Ironically enough, C# 7 also adds local functions, a feature which would directly solve the complaint about poor encapsulation I raised for two of the aforementioned hacks. Happily enough the whole enterprise of proliferating dedicated functions just for the purpose of gaining access to managed pointers is now completely moot.
唯一的问题是您尝试从静态方法调用实例方法,而没有
P
实例。将
f
设为静态方法(或创建一个P
实例来调用它),就可以了。这都是关于读取编译器错误:)话虽如此,我强烈建议您:
The only problem is that you're trying to call an instance method from a static method, without an instance of
P
.Make
f
a static method (or create an instance ofP
on which to call it) and it'll be fine. It's all about reading the compiler error :)Having said that, I would strongly advise you to:
虽然 Jon Skeet 关于程序无法编译的原因是正确的,但您可以这样做:
...它将直接对数组中的结构而不是副本进行操作。
请注意,这个想法仅适用于数组,其他集合(例如列表)将从索引器获取器中返回一个副本(如果您对结果值尝试类似的操作,则会出现编译器错误)。

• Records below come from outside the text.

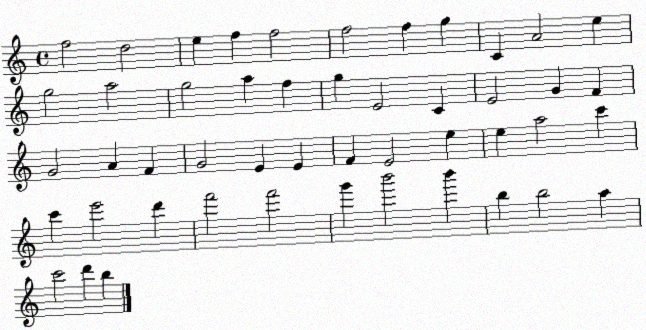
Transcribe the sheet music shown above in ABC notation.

X:1
T:Untitled
M:4/4
L:1/4
K:C
f2 d2 e f f2 f2 f g C A2 e g2 a2 g2 a f g E2 C E2 G F G2 A F G2 E E F E2 e e a2 c' c' e'2 d' f'2 f'2 g' b'2 b' b b2 a c'2 d' b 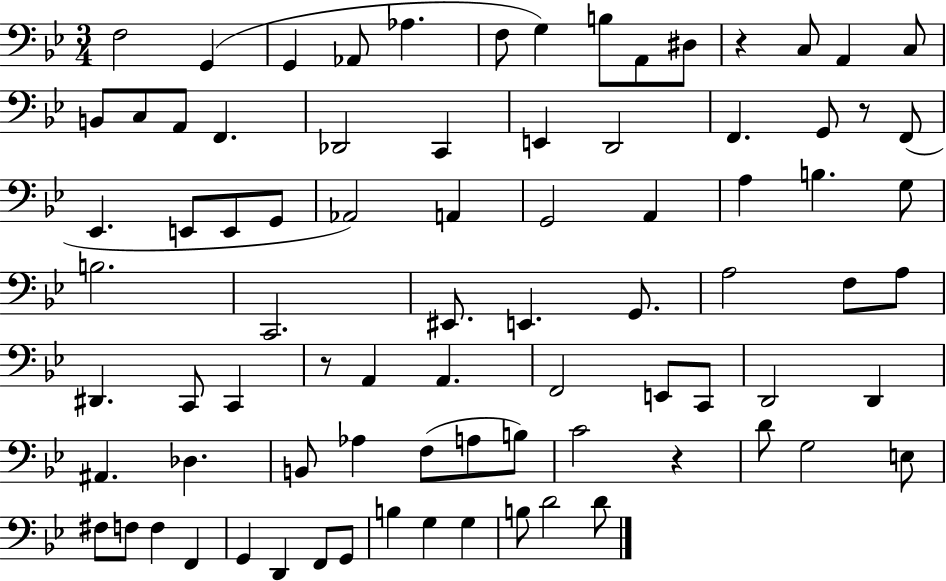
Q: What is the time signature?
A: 3/4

另一方面,可变结构被认为是邪恶的。您是否有充分的理由不想将
S
创建为一个类?While Jon Skeet is correct about why your program doesn't compile, you can just do:
...and it will operate directly on the struct in the array rather than on a copy.
Note that this idea works for arrays only, other collections such as lists will return a copy out from the indexer-getter (giving you a compiler error if you try something similar on the resulting value).

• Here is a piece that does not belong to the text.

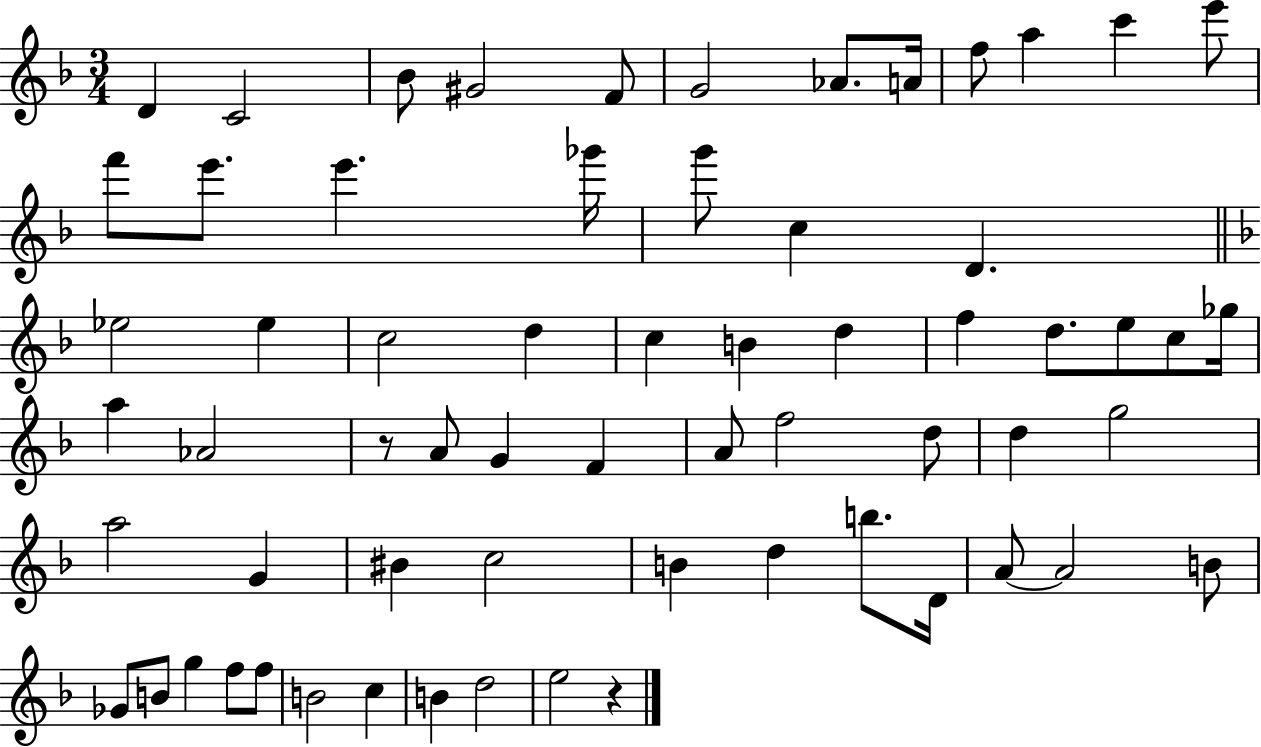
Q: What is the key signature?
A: F major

On another note, mutable structs are considered evil. Is there a strong reason why you don't want to make
S
a class?您可以尝试使用 转发空结构,但它不会保存实际数据,但仅保留 dataprovider 对象的索引。通过这种方式,您可以存储大量数据,而不会使对象图变得复杂。
我非常确定,在您的情况下,只要您不尝试将其编组到非托管代码中,就可以很容易地将巨型结构替换为转发空结构。
看看这个结构。它可以包含任意数量的数据。诀窍在于您确实将实际数据存储在另一个对象中。通过这种方式,您可以获得引用语义和结构的优点,该结构比类对象消耗更少的内存,并且由于对象图更简单(如果您有许多实例(数百万个)),因此 GC 周期更快。
You could try to use a forwarding empty struct which does not hold the actual data but only keeps an index to a dataprovider object. This way you can store huge amounts of data without complicating the object graph.
I am very certain that it should be quite easy in your case to replace your giant struct with a forwarding emtpy struct as long as you do not try to marshal it into unmanaged code.
Have a look at this struct. It can contain as much data inside it as you wish. The trick is that you do store the actual data in another object. This way you get reference semantics and the advantages of structs which consume less memory than class objects and faster GC cycles due to a simpler object graph (if you have many instances (millions) of them around).